Ancak TCMB’nin faiz indirimi yapması için uygun koşullar oluşmadığı da bir gerçek. Enflasyon, Ağustos ayında yıllık bazda %19,25 ile 2019 yılından bu yana en yüksek seviyeye çıktı. TCMB’nin hedeflediği %5’lik enflasyon seviyesinin çok üzerinde olan bu rakam, enflasyon beklentilerini bozuyor ve fiyat istikrarını tehlikeye atıyor. Ayrıca, kur baskısı da devam ediyor. Dolar/TL kuru, Eylül ayında 8,50 seviyesinin üzerine çıkarak tarihi rekorunu kırdı. Kurun yükselmesi hem enflasyonu hem de cari açığı artırıyor.

TCMB’nin faiz indirimi zamanlaması konusunda piyasa beklentileri değişkenlik gösteriyor. Bazı analistler, TCMB’nin siyasi baskılara boyun eğerek daha erken faiz indirimi yapabileceğini savunurken, bazıları ise TCMB’nin daha bağımsız davranarak enflasyonu kontrol altına almak için faizi sabit tutacağını veya artıracağını belirtiyor. Şu anda piyasa fiyatlamalarına göre, TCMB’nin bu yıl içinde faiz indirme ihtimali %66 civarında. Bu ihtimalin büyük kısmı Ekim ve Kasım aylarına ait. Eylül ayında ise faiz indirme ihtimali %10 seviyesinde.

TCMB’nin bu toplantısında, faiz kararı kadar önemli olan bir diğer konu da para politikası duruşu konusu. TCMB, son dönemde para politikasını sıkılaştırma yönünde adımlar attı. Örneğin, zorunlu karşılık oranlarını artırarak bankalara likidite sıkıştırması yaptı ve piyasaya daha az döviz sattı. Bu adımların amacı, TL’nin değerini korumak ve enflasyonu düşürmek. Ancak bu adımların yeterli olup olmadığı tartışmalı. TCMB’nin bu toplantısında, para politikasının ne kadar sıkı olduğunu ve ne kadar süre devam edeceğini açıklaması bekleniyor.

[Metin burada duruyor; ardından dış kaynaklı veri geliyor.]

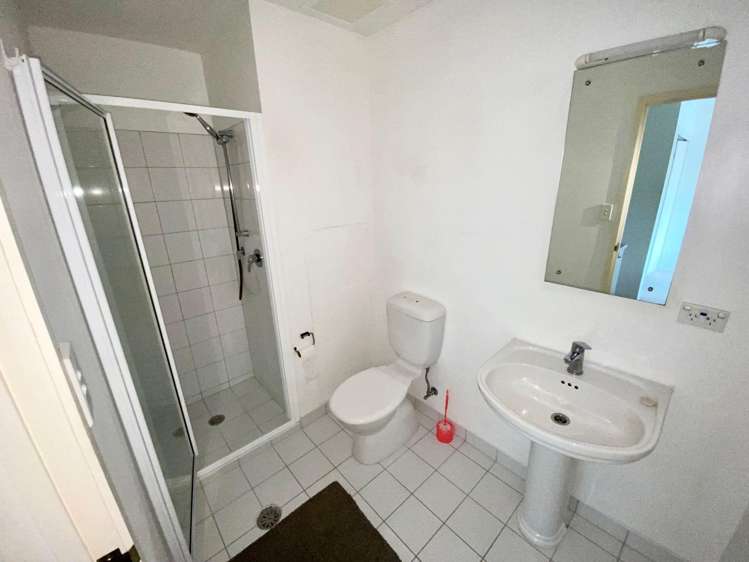 18D/30 Westward Ho Glen Eden_9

Piyasalar Nasıl Tepki Verecek?

FED ve TCMB’nin faiz kararları, piyasaların yönünü belirleyecek önemli etkenler. FED’in faiz artırma beklentileri artarsa, küresel piyasalarda risk iştahı azalabilir ve dolar güçlenebilir. Bu durumda, gelişmekte olan ülkelerin para birimleri ve borsaları baskı altında kalabilir. Özellikle Türkiye gibi yüksek cari açığı ve yüksek enflasyonu olan ülkeler daha fazla etkilenebilir.

TCMB’nin faiz indirimi beklentileri artarsa, TL’nin değeri düşebilir ve enflasyon baskısı artabilir. Bu durumda, yerel piyasalarda güven kaybı yaşanabilir ve yatırımcılar TL’den çıkış yapabilir. Özellikle Türkiye gibi yüksek dış borcu olan ülkeler daha fazla etkilenebilir.

Bu nedenle, FED ve TCMB’nin faiz kararlarına dikkatle bakmak gerekiyor. Her iki merkez bankası da piyasa beklentilerini karşılayacak veya aşacak kararlar alabilir. Bu durumda, piyasalarda sert hareketler görülebilir. Bu hafta oynaklık volatilite elbette ki yüksek olacak.